2. Mit dem planmäßigen Antritt der jeweils nächsten Ausbildungsstätte sind in einem solchen Fall keine Dienstreisen verbunden.

 

Orientierungssatz

1. Werden Dienste an unterschiedlichen Tätigkeitsstellen erbracht, ist eine Dienstreise anzunehmen, wenn der vorübergehend aufgesuchten eine regelmäßige Arbeitsstätte gegenübersteht, die der erstgenannten gegenüber als dauerhafter Mittelpunkt der beruflichen Tätigkeit erscheint. Ob ein derartiger Mittelpunkt der dienstlichen Tätigkeit vorliegt, bestimmt sich nach den gesamten Umständen des jeweiligen Einzelfalles. Anhaltspunkte für die Bejahung eines solchen Mittelpunktes kann neben der Dauer der dort abgeleisteten Dienste und dem Umstand, daß an diesen Ort immer wieder zurückgekehrt wird, die mit den Vorstellungen der Beteiligten übereinstimmende Verkehrsanschauung sein.

2. Ob im Rahmen von Ausbildungsdienstverhältnissen eine für ständig wechselnde Einsatzstellen berufstypische Tätigkeit vorliegt, ist nicht nach den abstrakten Merkmalen eines bestimmten Berufsbildes zu bestimmen, sondern danach, ob der Arbeitnehmer des konkret zu beurteilenden Dienstverhältnisses nach dem Direktionsrecht seines Arbeitgebers aller Voraussicht nach damit rechnen muß, daß er seine Arbeitsleistung an immer wieder anderen Arbeitsstellen zu erbringen hat. Es ist dementsprechend auf das konkrete Ausbildungsdienstverhältnis abzustellen, in welchem der Auszubildende im Rahmen des Ausbildungszwecks Weisungen Folge zu leisten hat, wofür er auch entlohnt wird (vgl.

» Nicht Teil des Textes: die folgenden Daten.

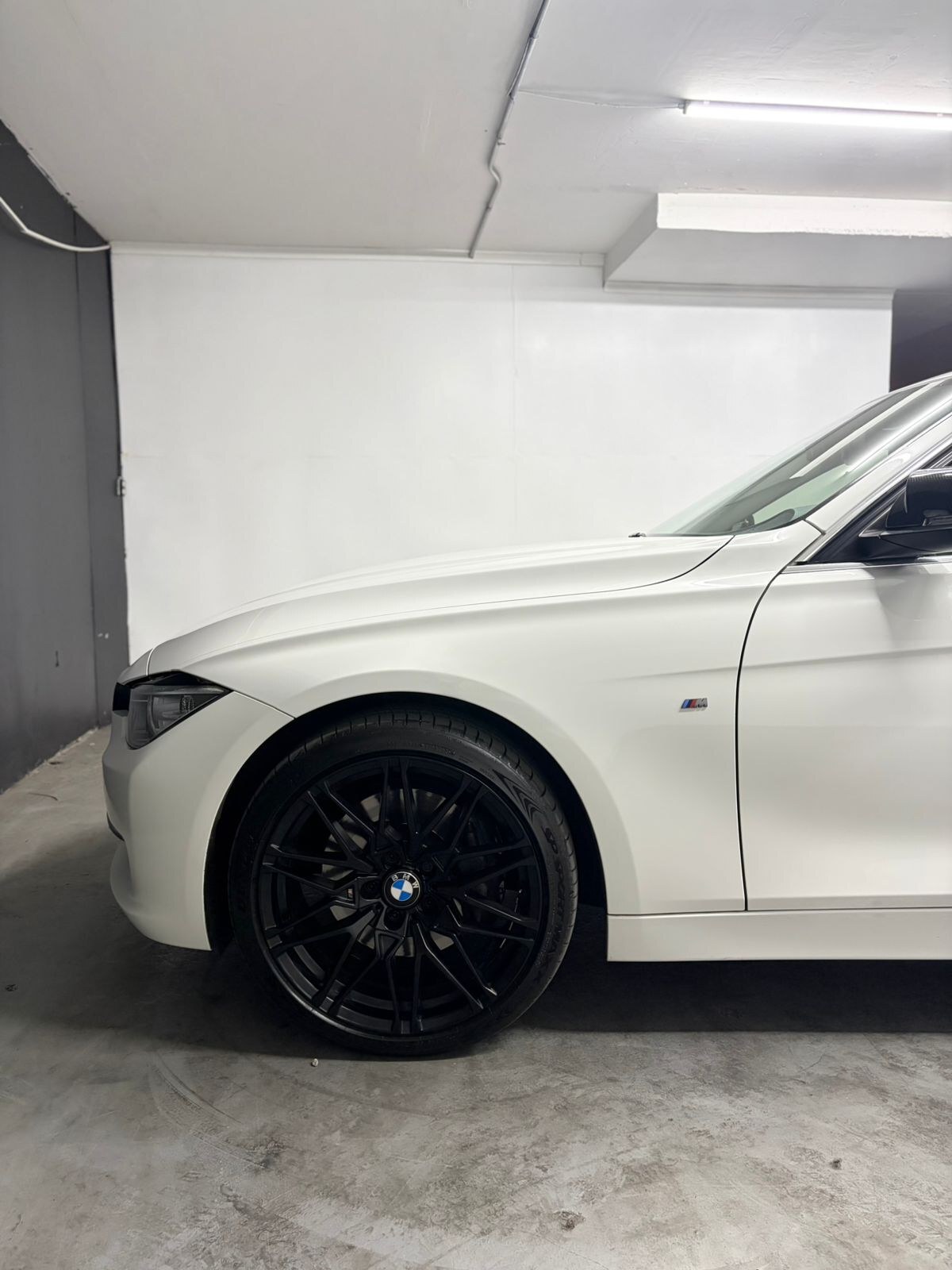 Vehicle media 7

BFH-Rechtsprechung). Unbeachtlich ist der Umstand, daß dem Auszubildenden der bevorstehende Wechsel der Einsatzstellen bereits zu Beginn der Ausbildung bekannt sein kann. Eine Schlechterstellung von Auszubildenden ist nicht deshalb gerechtfertigt, weil ein häufiger Wechsel des Arbeitsplatzes in ihrem Interesse liegen könnte.

3. Bei Ausbildungsdienstverhältnissen sind die durch die Ausbildung veranlaßten Aufwendungen ebenso Werbungskosten wie Aufwendungen von Arbeitnehmern anderer Dienstverhältnisse, die durch deren Beruf veranlaßt sind (vgl. BFH-Rechtsprechung).

 

Normenkette

EStG 1979 § 9 Abs. 1 Sätze 1, 3 Nr. 4, Abs. 1 Nr. 4

 

Tatbestand

Die Kläger und Revisionskläger (Kläger) werden als Ehegatten zusammen zur Einkommensteuer veranlagt. Der Ehemann war im Streitjahr 1979 bis einschließlich Juli im Hauptzollamt A tätig. Mit Wirkung vom 1.August 1979 wurde er an das Hauptzollamt B versetzt, um eine 36 Monate dauernde Ausbildung zu durchlaufen. Vom 28.August 1979 bis 2.April 1980 war er zum Einführungslehrgang an die Fachhochschule C abgeordnet.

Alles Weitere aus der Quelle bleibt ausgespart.